By Jen_Statsky on October 28th, 2008 Blog Homepage
Posted in blog
Many look forward to Halloween for the thrill of coming up with a clever, unique, fun costume to wear to a friend’s party. Others circle October 31st on their calendars with their sights set on delicious candy corn, chocolate bars, and caramel covered apples. And last but not least, some people enjoy this fall holiday because it provides them with another excuse to have random, dirty, promiscuous sex with strangers in costume. Because people seem to have already mastered the whole costume and candy portion of the evening, I’m going to provide you with a bit of a guide to sealing the deal on that last part. Or, rather, I’m going to provide you with a guide as to how NOT to seal it. Without further adieu, I present you with ….
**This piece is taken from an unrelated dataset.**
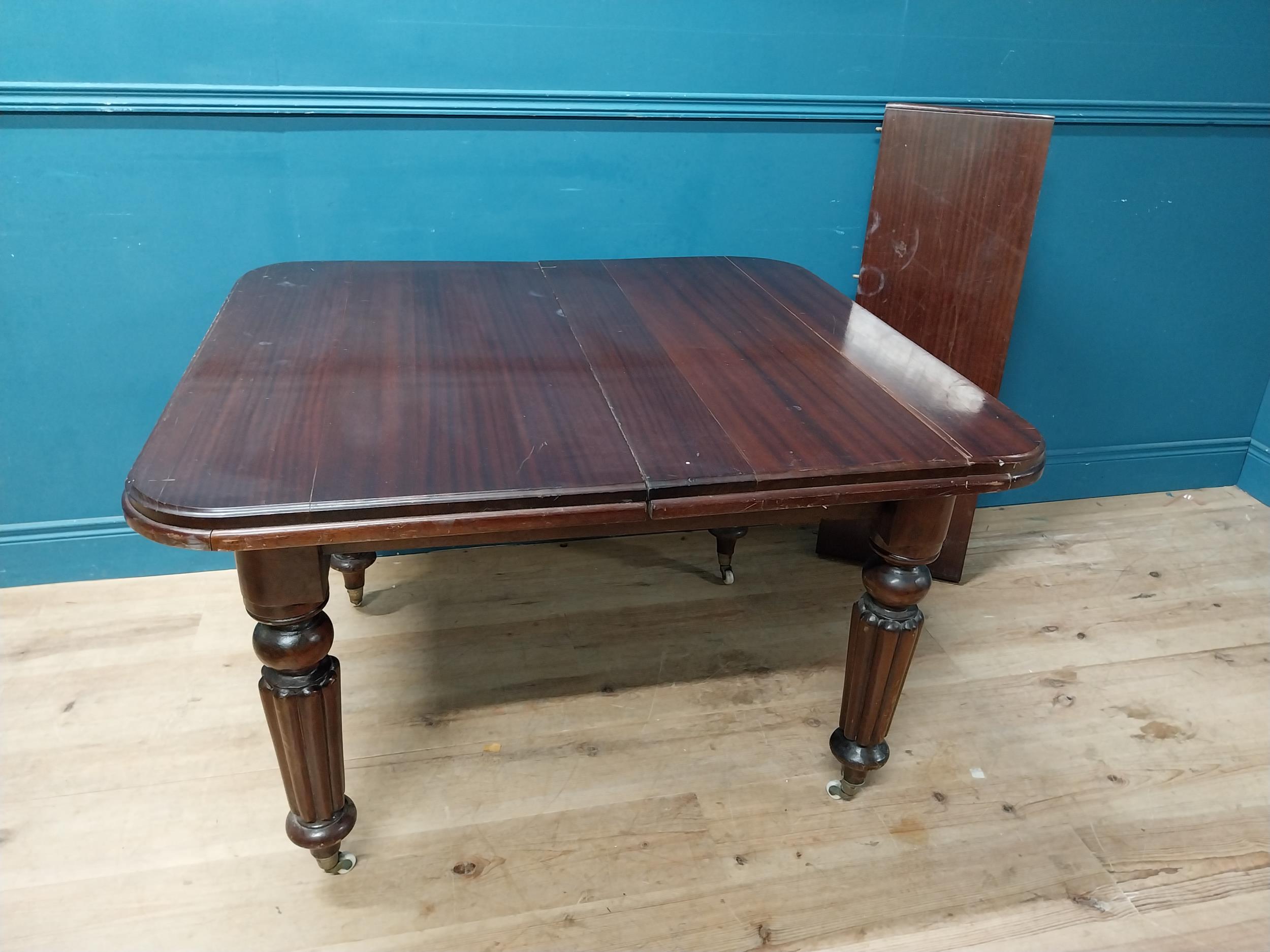 Victorian mahogany dining room table with one extra leaf raised on turned legs and brass and castors - Image 2 of 5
The Top 10 Pickup Lines NOT To Use On Halloween
- “You know, last week when I saw you here, I couldn’t even imagine wanting to have sex with you. But now that you have that sheet over your head…”
- “That’s a great fat chick costume you’ve got on.”
- “You know, I knew there’d be so many scantily clad women walking around tonight, I only masturbated twice today.”
- “Yeah, I love Halloween too. Any excuse to hide my face, I’m actually not that attractive.”
- “Your boobs look really great in that … oh, I guess you’re just completely naked, huh? Boy, do I love Halloween! So many sluts.”
- “My penis is already in costume, too.”
- “I just wish random children would come to my house every day of the year!”
- “So, I was thinking, I’ve got way more candy than this back at my place, and you sure look like a girl who eats her feelings … “
- “Halloween is kinda lame, in my opinion. Do you know how hard it is to get a roofie into a SKOR bar? Oh, no, that’s right, you were in the bathroom.”
- *drop pants* “Hallo, it’s my ween!”